Worst Jokes Ever
If you thought other puns were bad, wait till you sea mine.
Why did the chicken cross the road?
For absolutely no reason.
What does a kid and wine have in common?
Shit, I forgot, but they're both locked in my cellar right now.
Q: What breed of dog is supposed to laugh at all of your jokes?
A: A Chihuahua.
My friend thinks he is funny.
He told me that the only food that makes you cry is an onion, so I threw a coconut at him.
A joke: my life, hahahahaha! Wait, it's not funny.
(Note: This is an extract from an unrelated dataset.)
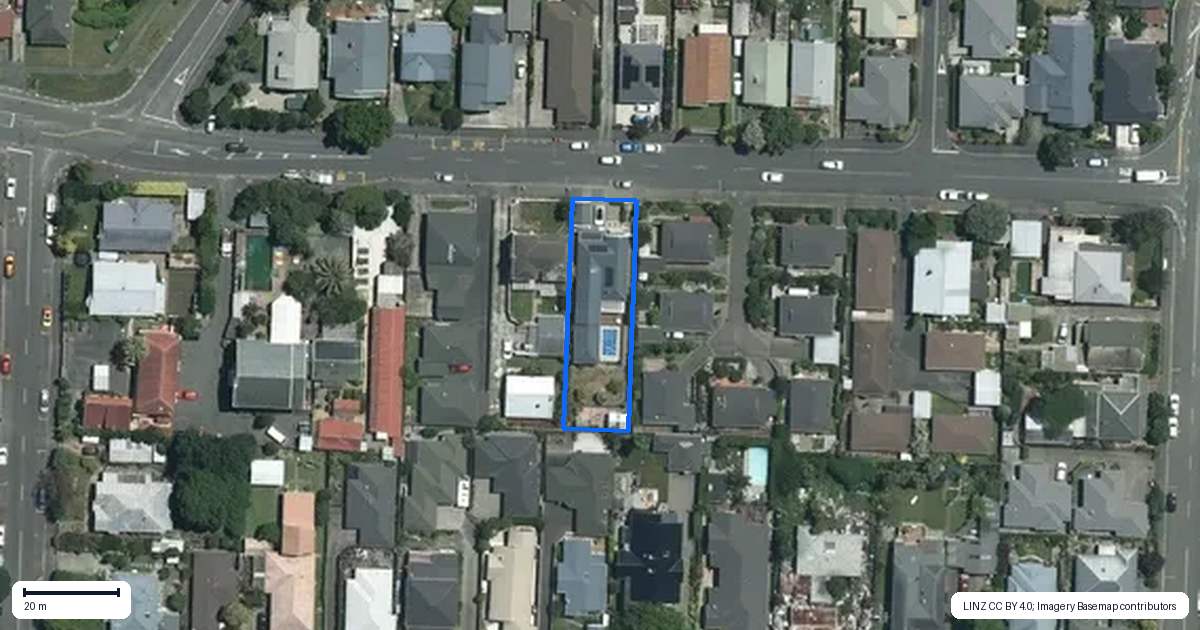 Property context map for 48 Weka Street, The Wood, Nelson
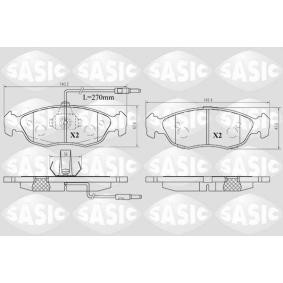 Acquista Kit pastiglie freni da SASIC 6210031 a buon mercato per soli 30,21 €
Why did the chicken cross the road?
To check out the chicks!
Teacher: What’s 2+2?
Jimmy: 2+2=feEesh
Teacher: Well, Jimmy I can see you're going places, not college, but places.
Dad: Hey, have you seen that new movie, "Constipation"?
Son: No.
Dad: It hasn't come out yet.
What's Africa's greatest sporting achievement? The 2018 World Cup...
Yo mama so old, she was there when Moses was born.
Why can’t you give Elsa a balloon?
Because she'll let it go!
A pun walked into a room and killed ten people.
Pun in, ten dead.
What job lets you kill the most people?
An abortion doctor.
You are American when you walk to the bathroom. What are you when you are in there?
You're-a-peein'. European.
How can you tell if a gay guy has a high sperm count?
Chew when you swallow!
My mom told me she couldn't open the garage door. Then it opened up to me that it wasn't broke anymore.
Knock, knock.
Who's there?
Europe.
Europe who?
No, I'm not.
What is a skeleton's favorite instrument?
A Sax-O-Bone.
Why can't dinosaurs clap? 'Cause they're dead.